I don't think will ever find out what Goofy really is.


----------



## figment_jii

Err, I always thought Goofy was a dog.  After all, he first appeared as "Dippy Dawg" and was later renamed Goofy.

Not really sure about Mickey Mouse Clubhouse...after all there have been several other un-attached characters so he could theoretically then be paired with any of them making him a duck, dog, cat, human, bear, seal, etc.


----------



## fly girl

figment_jii said:


> Err, I always thought Goofy was a dog.  After all, he first appeared as "Dippy Dawg" and was later renamed Goofy.
> 
> Not really sure about Mickey Mouse Clubhouse...after all there have been several other un-attached characters so he could theoretically then be paired with any of them making him a duck, dog, cat, human, bear, seal, etc.




I'm with you figment_jii!  Goofy has always been a dog to me.  


The part I never understood is why can Goofy talk but Pluto can't?


----------



## JennyWren

Hmmm...Pretty sure that Goofy has always been a dog.  And at one point he was married, sometime in the 50s I think....he also has a son, Max.

I always thought Clarabelle was with Horace Horsecollar???


----------



## fly girl

JennyWren said:


> I always thought Clarabelle was with Horace Horsecollar???




FYI, on Disney Junior's Micky Mouse Clubhouse, Clarabelle and Goofy are together.  Horace isn't on the show.


----------



## lostcasket

He's a Dawg, Dippy Dawg.


----------



## tigger_mommy

That is hilarious!  Goofy and Clarabelle are what my hubby and I are going to be for Halloween this year at the MNSSHP. No Horace for me, no sir-ee, only Goofy!!!!


----------



## ToddyLu

Everyone knows Goofy is a dog ....and that's no bull  !!

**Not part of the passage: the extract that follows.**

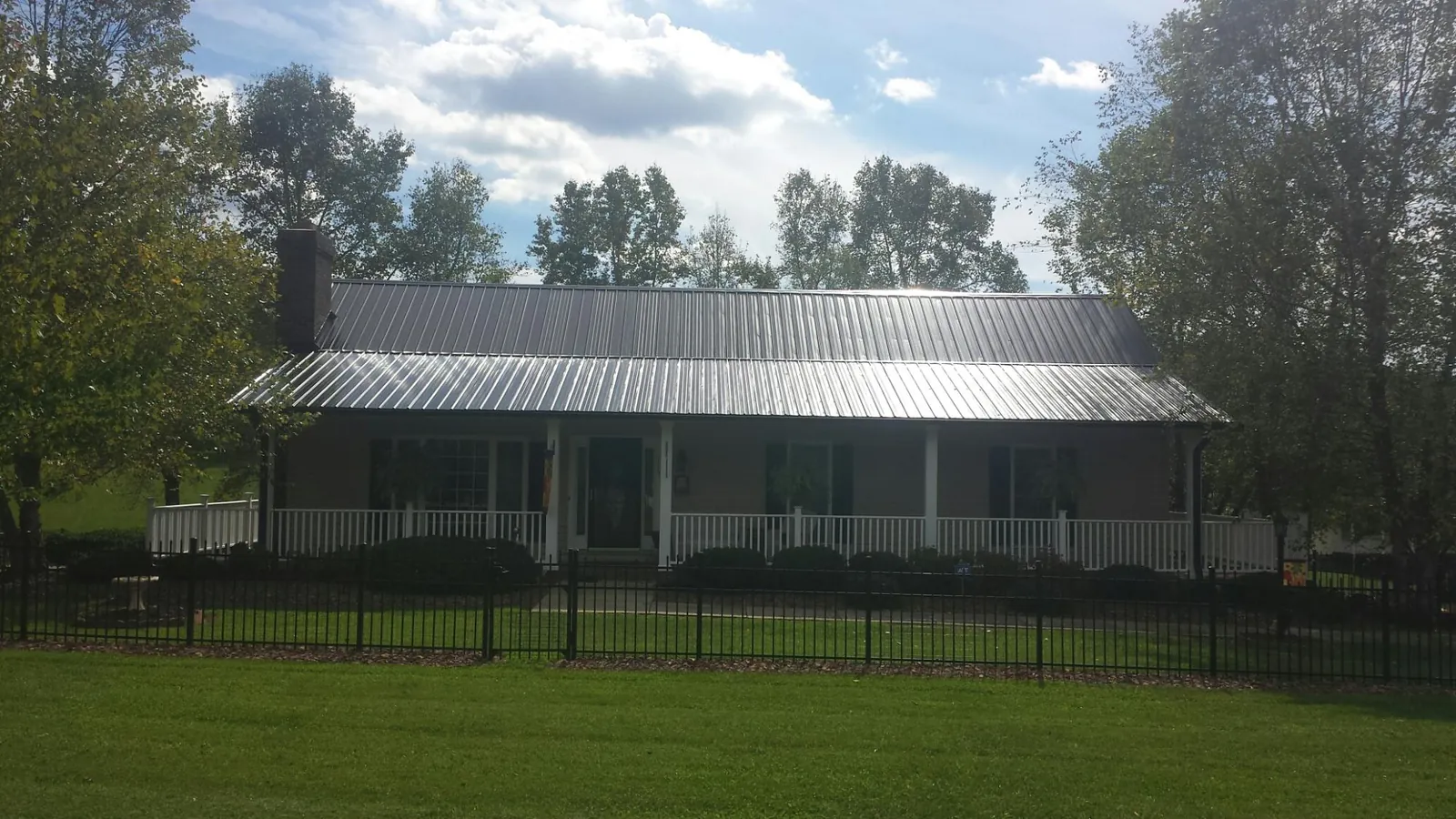 Gray metal roof on a brick ranch with a full width front porch — Gutter Guard Installation work by our crew in North Bridgton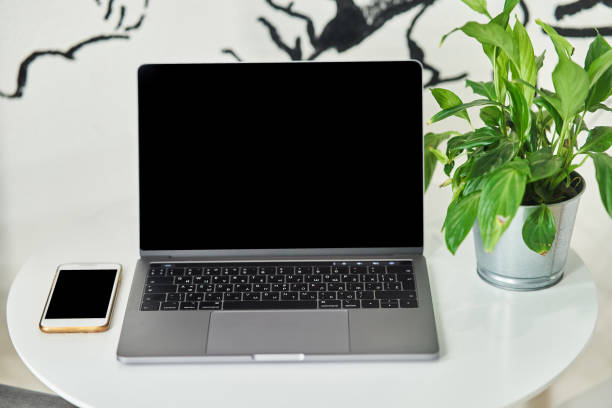 istock Laptop with a smartphone on a table in a cafe. 1190306384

Sorry, I HAD to take it there....


----------



## Sprinklelovesyou

That is awesome! never would have thought of that. I just assumed he was a dog


----------



## DizFan101

what I am curious about, Goofy has a son Max but who is Max's mom?


----------



## dzorn

fly girl said:


> I'm with you figment_jii!  Goofy has always been a dog to me.
> 
> 
> The part I never understood is why can Goofy talk but Pluto can't?



According to Pluto, Goofy talkes because he is crazy or otherwise goofy.

I asked during a breakfast. He motioned the circling the ear. The conversation also included the fact that they are both dogs but one talkes and the other doesn't.

Denise in MI


----------



## D1sneymagic

Hes a dog...


----------



## AngelStitch

I always thought he was a dog since he has long ears and a dog nose.


----------



## Jungle mansion

He is a dog. Wikipedia said so.


----------



## LongLiveDisney

Goofy is a dog!


----------



## disneyphilip

fly girl said:


> FYI, on Disney Junior's Micky Mouse Clubhouse, Clarabelle and Goofy are together.  Horace isn't on the show.



Even though Clarabelle is shown dating Goofy in things like Mickey Mouse Clubhouse, they're only playing "roles".

In reality, Goofy is just friends with Clarabelle and she is dating Horace.


----------



## POB14

Goofy is a Dawg.  Dawgs are anthropomorphic distant relatives of dogs, but Dawgs are bipedal and have the power of speech. 

(I can't remember where I read this, but it makes sense to me.)


----------



## 420Soda710

Wikipedia has also said that George Washington was Black... Do you really believe everything from wiki?  QUOTE="Jungle mansion, post: 45462562, member: 435400"]He is a dog. Wikipedia said so. [/QUOTE]
Wiki


----------



## bcla

Yeah - zombie thread, but there's this:






_What are you supposed to be exactly?  Like a dog?  A man?  A man-dog?  What's the deal with you?_

*Oh, I'm just Goofy.*

_You don't want to advertise that._


----------



## BubbleBreather8

i know what G O O F Y is. I've seen it in my half-waking dreams. only i'm walking the hallway between consciousness and unconsciousness, life and unbeing. he is there. watching. blackness. like oil. crude in color and in laughter. a grim reaper with an earnest smile. he laughs but its uncontrollable. disgusts me. little hat on his gelatinous head . bobbing like a broken neck. clumsy death in a mechanical age. one laugh and the saw hits your thumb. too late hes dead. one laugh and the press starts but the foreman is stuck. one laugh and you cant hear. but you will. always at, forever, during the night. the hallway has no end. a folly, a mistake, has no end. every mistake is permanent. whos laughing now. only me. im G O O F Y


----------



## supernova

uziel5000 said:


> *The biggest Disney Mistery has been solved.*


I thought the solution to the biggest Disney Mistery was spellcheck.


----------